1. トップ
  2. レシピ
  3. “美食おじさん”がたどり着くのはこんな店!究極の和食酒場5選

“美食おじさん”がたどり着くのはこんな店!究極の和食酒場5選

  • 2024.9.3

美食家にだってフランクに食べたい夜がある。そんなときに選ぶのが、アラカルト和食の酒場だ。

作り手の顔が見え、気軽だけど、しっかり美味しい。しかも、旬のグルメにありつけて、何よりホッとできる。

いわゆる“美食おじさん”がたどり着く、東京都内にある究極の酒場がこちら!

【美食おじさん】 限りある胃袋だから、もう旨いものしか食べたくない
美食おじさんのイメージイラスト
東京カレンダー


予約困難店の枠を複数持ち、重鎮ゆえ仕事の会食も多い。

そんな美食を愛する大人がプライベートな日に羽を休めるのが、港区界隈のアッパーな酒場。肥えすぎている舌を存分に満たす、最高峰のクオリティーを誇る店たちだ。

素材も腕も一流のアテを気ままにつまみ、大いに語る。美食おじさんが向かう先には、美酒美食が待っている。

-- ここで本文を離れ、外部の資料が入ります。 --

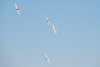 Reno_2014-53154t.jpg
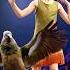 What A Girl Fuses With A Kea Bird On AGT Americagottalent Agt Magic Talent Shorts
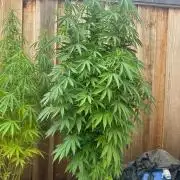 Gorilla Melon Outdoor Grow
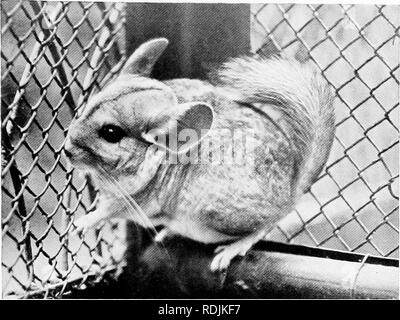 . Das Buch der Tierwelt. Säugetiere. Säugetiere. Abb. 211. CHINCHILLA. Bitte beachten Sie, dass diese Bilder sind von der gescannten Seite Bilder, die digital für die Lesbarkeit verbessert haben mögen - Färbung und Aussehen dieser Abbildungen können nicht perfekt dem Original ähneln. extrahiert. Westell, William Percival. London, J. M. Dent; New York, E. S. Dutton Stockfoto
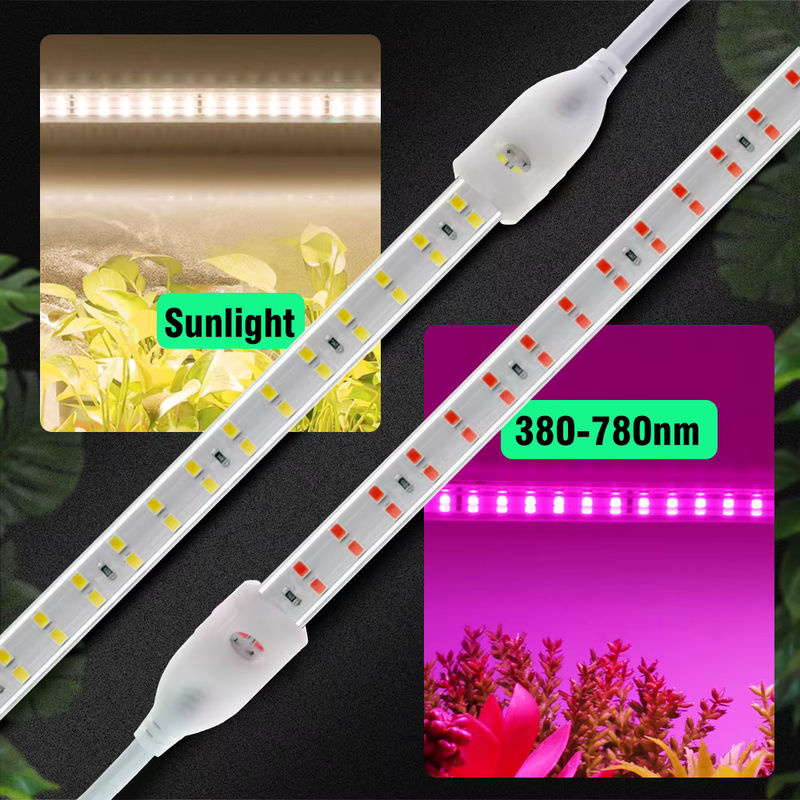GRAXGROW LED-Pflanzenlichtstreifen mit zweireihigen SMD-Lampenperlen, 12 W/m, wasserdichter Grow Light für Gewächshäuser, Weiß - Bild 3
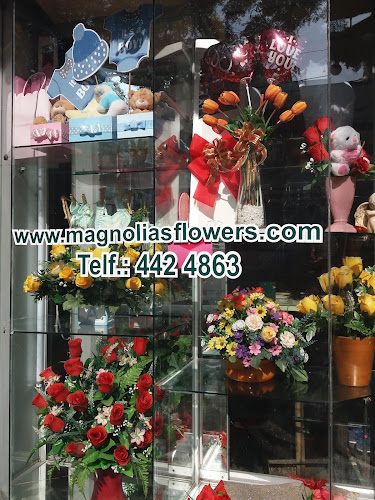 Opiniones de Floreria Magnolias Flowers en Lima - Floristería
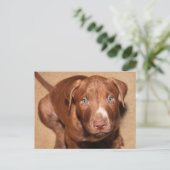 Carte Postale Chien solitaire (Debout devant)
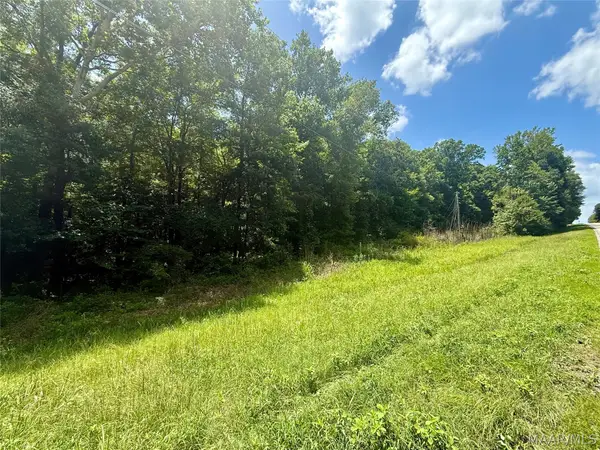 0 Highway 14 W, Autaugaville, AL 36003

1.リアル美食おじさん!?東京カレンダー編集長・日紫喜が考える“理想の酒場”ってこういうこと 『田中田 西麻布店』@乃木坂

乃木坂『田中田 西麻布店』の内観
東京カレンダー


新店取材に、クライアント様への接待など夜はガチガチのコース料理っていうのが日々の生活。ありがたいこと、ではあるのだが、時として無性に酒場が恋しくなる。

刺身の盛り合わせにお浸し、そしてちょっとした揚げもの――で、心置きなく麦焼酎のソーダ割を楽しむ、それこそが人生の楽しみですらある。

住む街、三宿あたりにもいい酒場はあるのだが、私が読者の皆様にお薦めしたいのは『田中田 西麻布店』である。

西麻布交差点から外苑前方向にかなり行かないとたどり着けない隠れ家的酒場。さすがは港区で、お値段は張るし、内装も豪奢そのもの。

乃木坂『田中田 西麻布店』の「マグロトロカツ」
東京カレンダー


まだまだ私は、ここを気兼ねなく楽しむことはできないが、ただメニューを広げ好きなものを頼む瞬間は、何にも代え難い。「マグロトロカツ」の美味さたるや。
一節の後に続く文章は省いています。